● **PROBLEM STATEMENT**
The answer consists solely of the lines running from the one with "Koel barefoot Don 2.0 gris" through the final line below, transcribed exactly and without any pictures.

● **PROVIDED DATA**
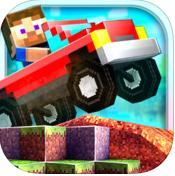 像素公路(Blocky Roads)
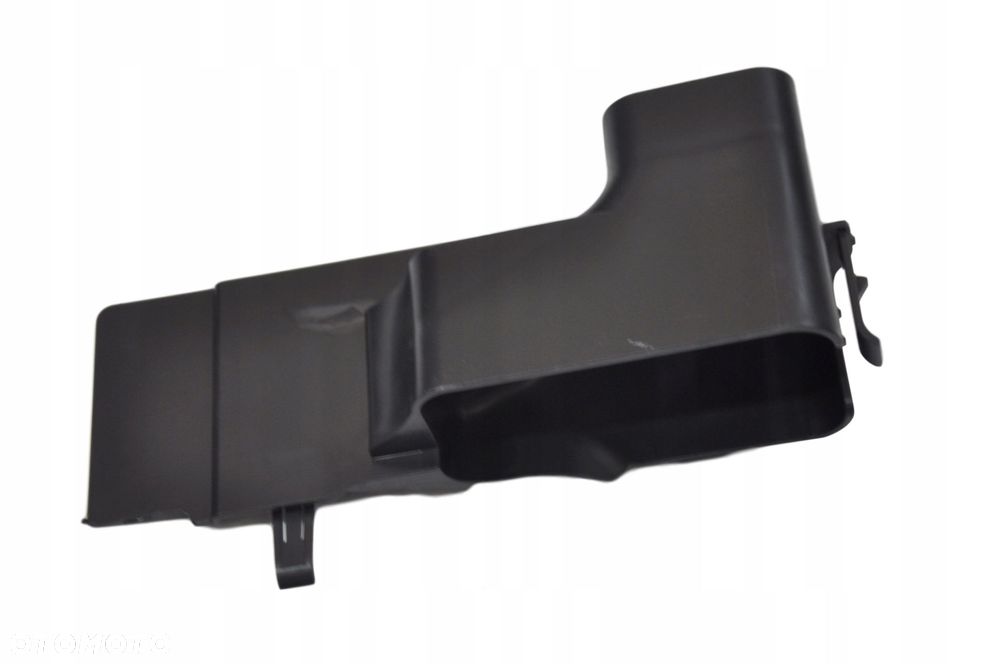 VOLVO S60 V60 lewa kierownica powietrza 31283470 - 2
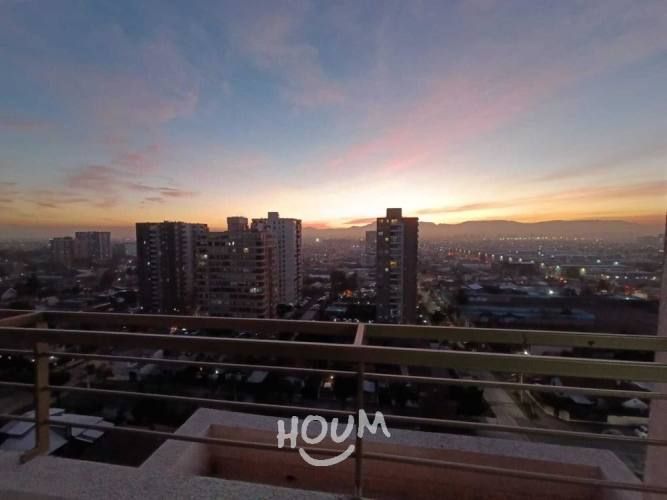 Departamento en Primera Avenida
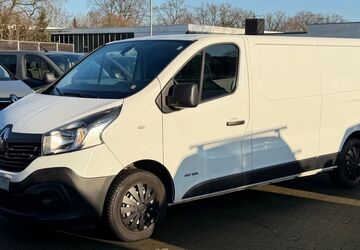 Renault Trafic 20.389 km 16.950 &euro; Norderstedt bei Hamburg 22851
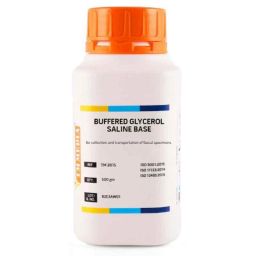 TM Media 500g Buffered Glycerol Saline Base, TM 2015-image-67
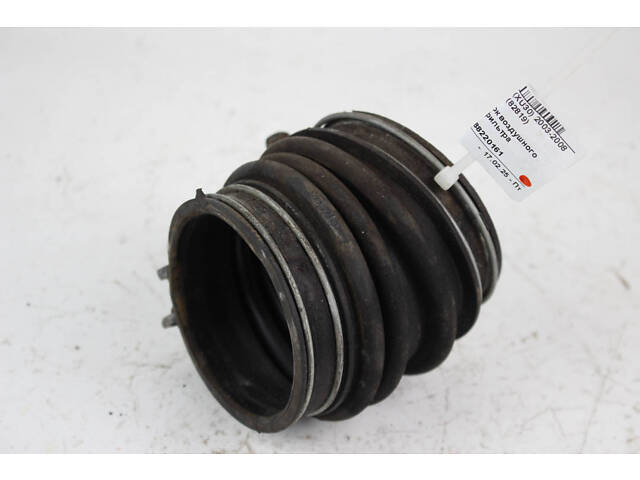 Патрубок воздушного фильтра Lexus RX (XU30) 2003-2008 1788220161 - Фото 1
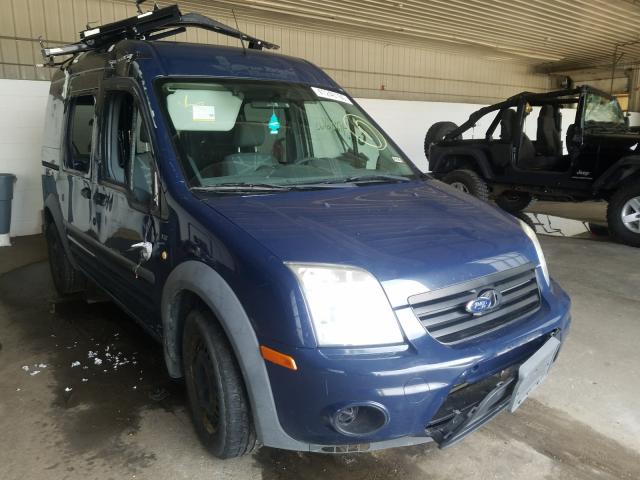 FORD TRANSIT CO 2012 nm0ls6bn4ct098680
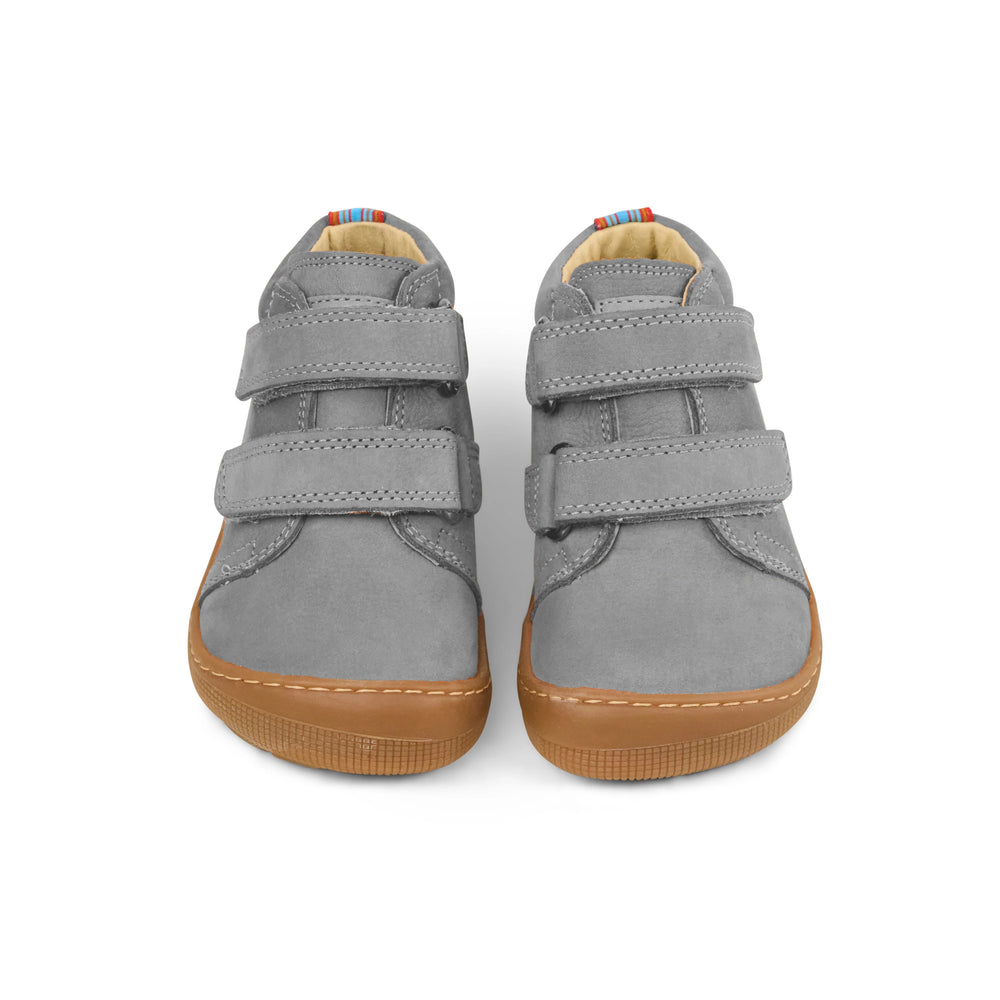 Koel barefoot Don 2.0 gris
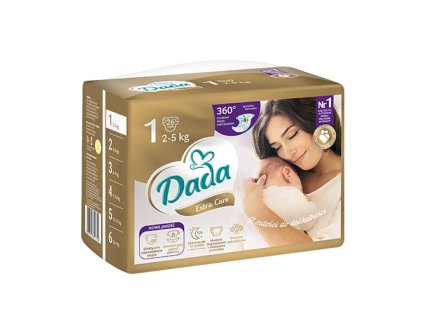 DADA Extra Care 1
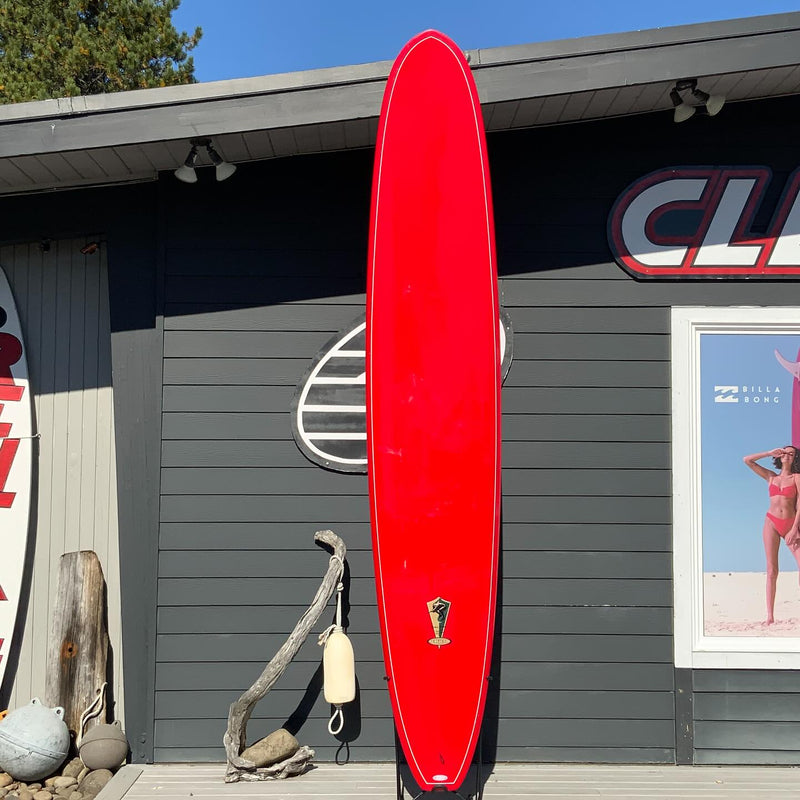 Load image into Gallery viewer, Mickey Muñoz Ultra Glide Tuflite 12'0 x 26 ¼ x 4 5/16 Surfboard • USED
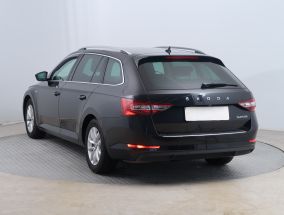 Skoda Superb - 2017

● **EXERCISE ANSWER**
 Koel barefoot Don 2.0 gris
 DADA Extra Care 1
 Load image into Gallery viewer, Mickey Muñoz Ultra Glide Tuflite 12'0 x 26 ¼ x 4 5/16 Surfboard • USED
 Skoda Superb - 2017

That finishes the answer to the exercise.